In an interview for the State Library’s Oral History Collection, Moularedellis told Rob Linn this had been the most challenging period of his life.
“We used silver nitrate in our wine and we shouldn’t have,” he admitted. “Had we not used that, there would not have been a problem.
“We had a huge media frenzy to deal with because we were seen as a major exporter that had potentially compromised this whole Australian wine industry success story, and so all the checks and balances the industry had put into place to protect the industry for things like that came into being. We had our export licences suspended temporarily. You know, at the end of the day we were in crisis, and people had a crisis with our wines, because we were seen to have done something wrong.”
There was a mad scramble around the wine refineries and ivy-hung nuts-and-berries joints alike: a sweaty clean-up of those sacks and drums of reagents that tend to stack up in corners.

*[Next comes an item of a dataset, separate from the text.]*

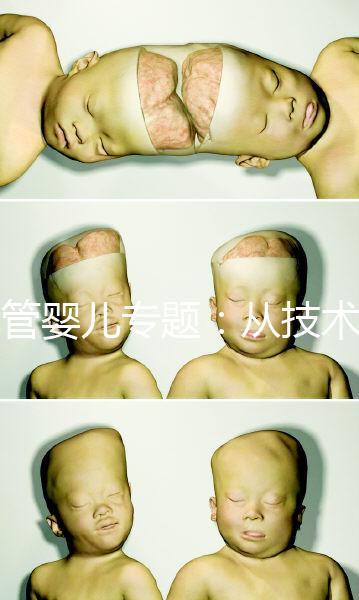 試管嬰兒專題：從技術(shù)原理解讀到成功案例分享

“The most regrettable cost for me,” Moularadellis said, “is that I gave some of the critics of the Riverland, by that action, the credibility to be able to say that we told you so. One of the lasting issues has been the fact that it gave credibility to those people that were critical of the Riverland, and it was a Riverland thing.”

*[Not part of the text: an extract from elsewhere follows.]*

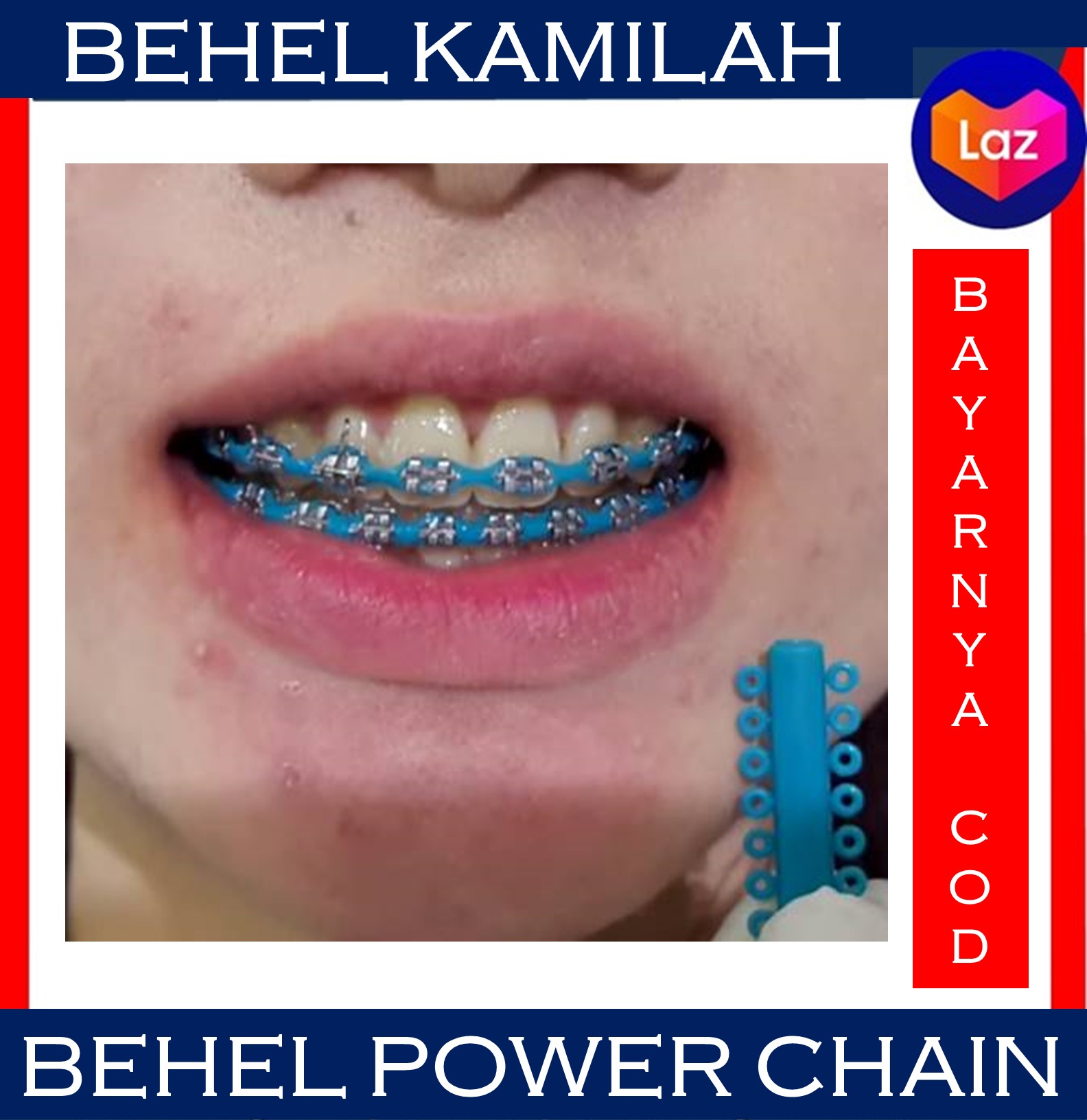 Detail Gambar Behel Power Chain Nomer 39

The investigation and conviction rigmarole pretty much followed the late ’80s bust of Hunter legend Murray Tyrrell for adding another chemical, sorbitol, to Tyrrell’s wines, including those from the riverlands. Before running that story, I rang the Wine and Brandy Corporation to report the allegations and asked what it’d do about it.
In essence, it proceeded to test the wines, made the charge, punished the lawbreaker and used its actions to prove its policing of illegal activities was efficient, effective and protective of the rest of the industry.

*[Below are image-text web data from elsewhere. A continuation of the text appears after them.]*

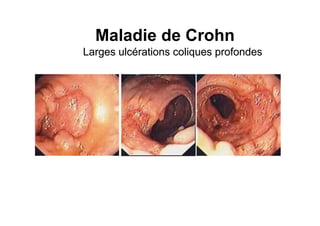 Maladie de Crohn
Larges ulcérations coliques profondes
 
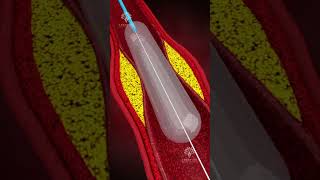 How Does Coronary Angioplasty Work  Blocked Arteries Treatment shorts  creativelearning3d [upl. by Chilcote]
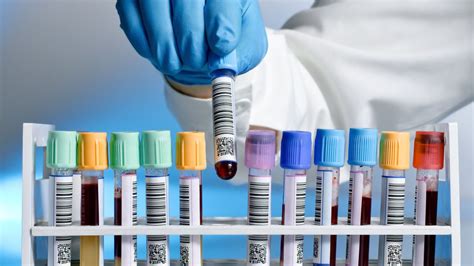 Laboratóriumi vizsgálatok vérvétellel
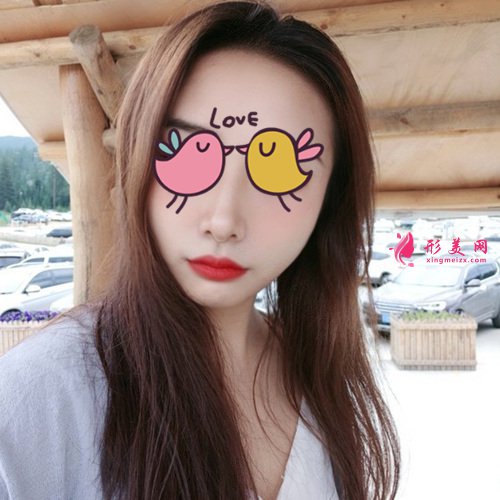 温州艺星隆鼻整形真实案例 温州艺星隆鼻整形真实案例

But the corporation didn’t start it, I did. In detail, the story was much more rococo. After discussions with truckies in the Truro top pub, I became aware of a great deal of apple juice being delivered to some very famous wineries, none of which made cider. The rumours suggested one could make a presentable Sauvignon blanc from it with a bit of sophistry and water. Having taken the advice of industry leader Len Evans and spent all their money covering Australia with too much Chardonnay, winemakers were in a flat panic that this fad would quickly be replaced by Sauvignon blanc, which they didn’t have.
One honest fellow showed me his log book, listing what he’d delivered and to whom. I called George Mackie, then boss of the Wine and Brandy Corporation, to ask what he would do about it.
The wine police went on a buying spree around the liquor stores and tested a great deal of wine for sorbitol, a chemical that occurs in tiny amounts in apples but not grapes. A wetting agent used in tobacco, ink and enemas, sorbitol was not a permitted wine additive.
When they discovered it in Tyrrell’s wines, the authorities proceeded against the company. Tyrrell, which was on the government committee that managed the list of permitted additives, pleaded guilty, was fined and ordered to withdraw from the international marketplace all the offending wine and destroy it.
Tyrrell then sued me for defamation for my reportage in The Bulletin, along with Kerry Packer as publisher. Because I was not on staff, Packer left me to mount my own legal defence. After years of sooling his silks and whatnot at me, Tyrrell lost. His reputation, particularly in New South Wales, stayed pretty much intact: rogue maybe, but a popular one, and a patriarch.
I always felt Tyrrell, a friend of Mackie’s, was a convenient scapegoat for the entire industry. No winery was charged for apple juice substitution.
Stressed beyond belief, poor Mackie died of a heart attack.
So while we welcome Senator Ruston’s April Fool’s Day statement, I’m keen to see whether the old boys at Wine Australia are simply scaring new Chinese investors out of exporting dodgy Ozplonk.
It’d be too sicko bogan to discover it’s just a convenient appeasement for the uncaught when the Senator promises that “the new regulations will also cut red tape for exporters by halving export certificate notification periods and reducing timeframes from order to export”.